The droids tell us a lot about Star Wars. They're a downtrodden underclass of labourers, perhaps slaves, treated like absolute dirt despite being clearly sentient and intelligent beings. (That C-3P0 looks the same as Brigit Helm's robot in Metropolis, which inspires a proletarian revolution in that film, isn't a coincidence). Luke is shown to be a compassionate person by his treatment of the droids, especially R2.
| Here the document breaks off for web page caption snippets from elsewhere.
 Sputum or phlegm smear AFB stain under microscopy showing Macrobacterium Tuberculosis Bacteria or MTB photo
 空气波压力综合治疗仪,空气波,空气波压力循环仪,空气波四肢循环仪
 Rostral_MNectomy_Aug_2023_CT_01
While The Hero's Journey is a traditionally aristocratic affair, always focused on destined patrilineal birthrights and feudal kingship (the opposite of punk), Lucas pilfers from the journey structure while changing the telling details into something subversive. At the end of Star Wars, the droids and rogues are hailed as heroes of a great revolution, the feudal fascist state is overthrown, and Luke does not seek power in the vacuum or become the new Emperor (unlike, say, King Arthur). A coalition of multi-cultural freedom fighters has literally taken down the legal ruling body run by old white guys and presumably replaced the state with a more equitable, progressive system. That's all important stuff. That's where Lucas differs from his own influences, which were mostly pro-status-quo stories.
On another topic: The tubes hooked up to the X-Wings are definitely intended to reference some kind of liquid aerial fuel, as of WWII bombers. The EU probably has some dumb handwavey explanation (it always does) but there's no need to go digging into that swamp...
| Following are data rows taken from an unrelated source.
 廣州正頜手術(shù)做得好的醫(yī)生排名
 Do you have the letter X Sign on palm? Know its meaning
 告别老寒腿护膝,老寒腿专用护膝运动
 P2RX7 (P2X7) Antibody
Permalink Reply by Larry on March 3, 2013 at 8:34am Ooh, I like your way of thinking JR. Wonderful analysis of the Star Wars mythos. Well done!
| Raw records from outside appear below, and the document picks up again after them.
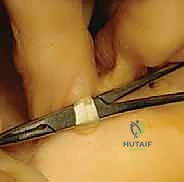 صورة توضيحية لـ عملية نقل الوتر لعلاج إصبع المطرقة المرن: دليل شامل للمرضى مع الأستاذ الدكتور محمد هطيف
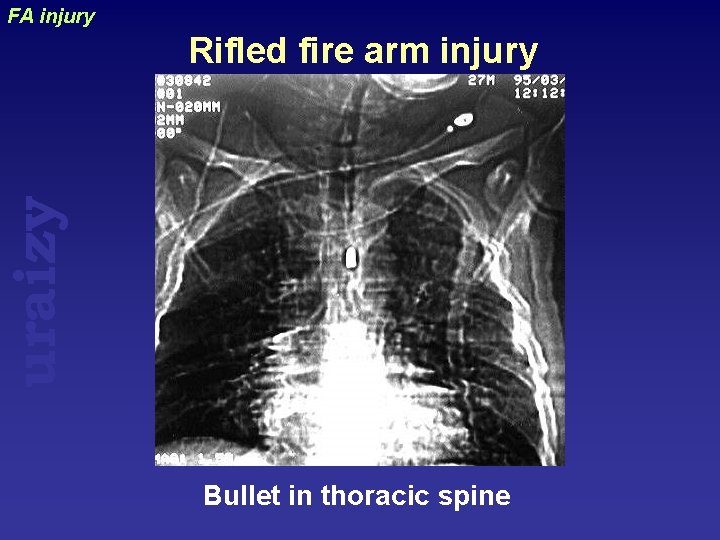 FA injury uraizy Rifled fire arm injury Bullet in thoracic spine 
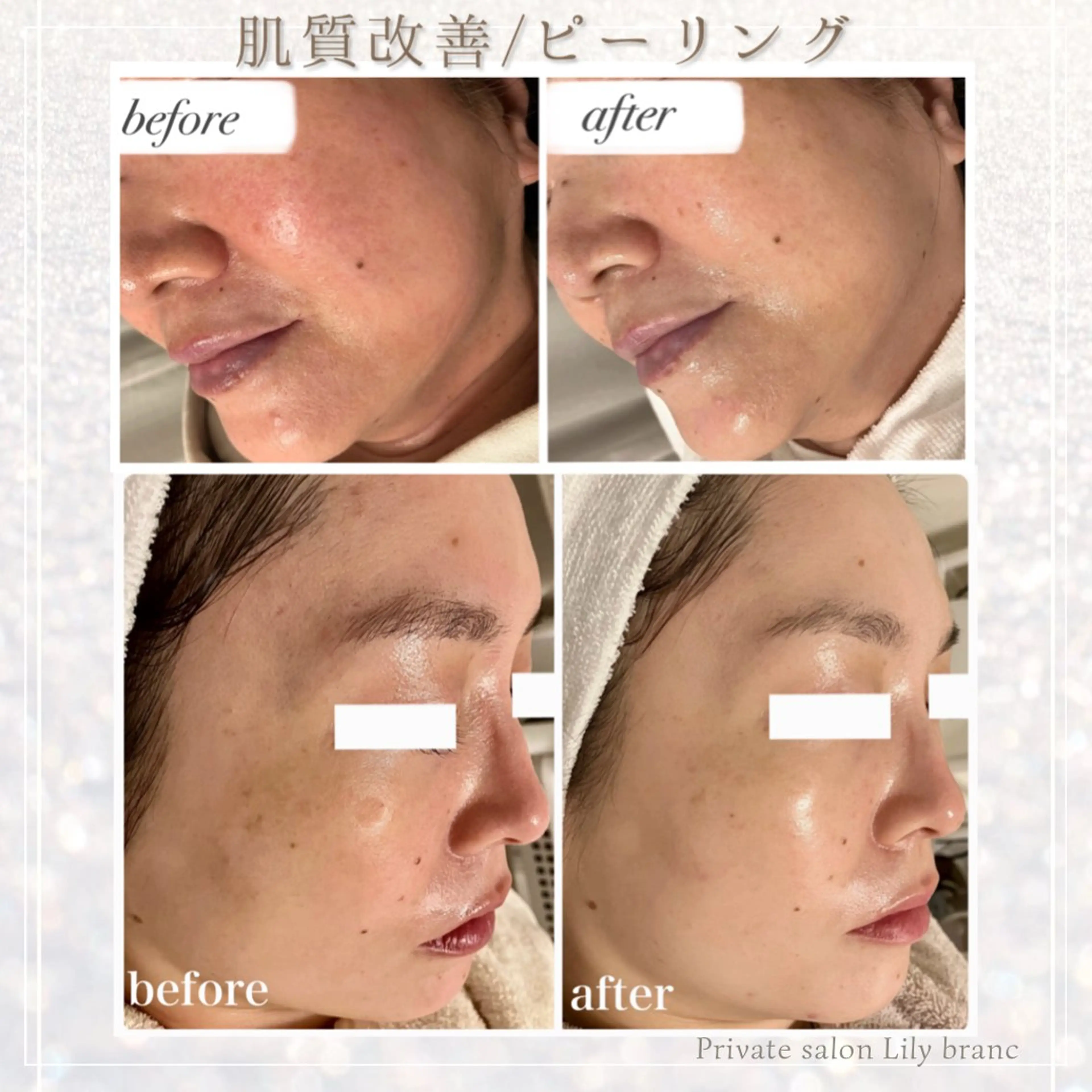 Lily branc 痩身/小顔/肌質改善のエステ・リラクイメージ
"...and presumably replaced the state with a more equitable, progressive system."
Or helped re-establish an oppressive theocratic regime run by a priest caste, whose members are determined by birth rather than by merit. To me it still seems a space opera, with a few visual cues taken from old pulp shows.
If Lucas intended the original trilogy to be optimistic then no, I doubt he had that ending that in mind. The depiction of Mon Mothma as the Rebellion's leader (not a jedi, not a priest, not an old dude) would seem to signal a different intent.
The 'oppressive theocratic regime' is covered by the Prequels, which are bad stories and bad filmmaking but have a couple clever bits. There's where Lucas cricitizes the failures of the hippie new-age liberals and examines how a dictator can rise from within their ranks to betray them all.
© 2013 Created by Tome Wilson.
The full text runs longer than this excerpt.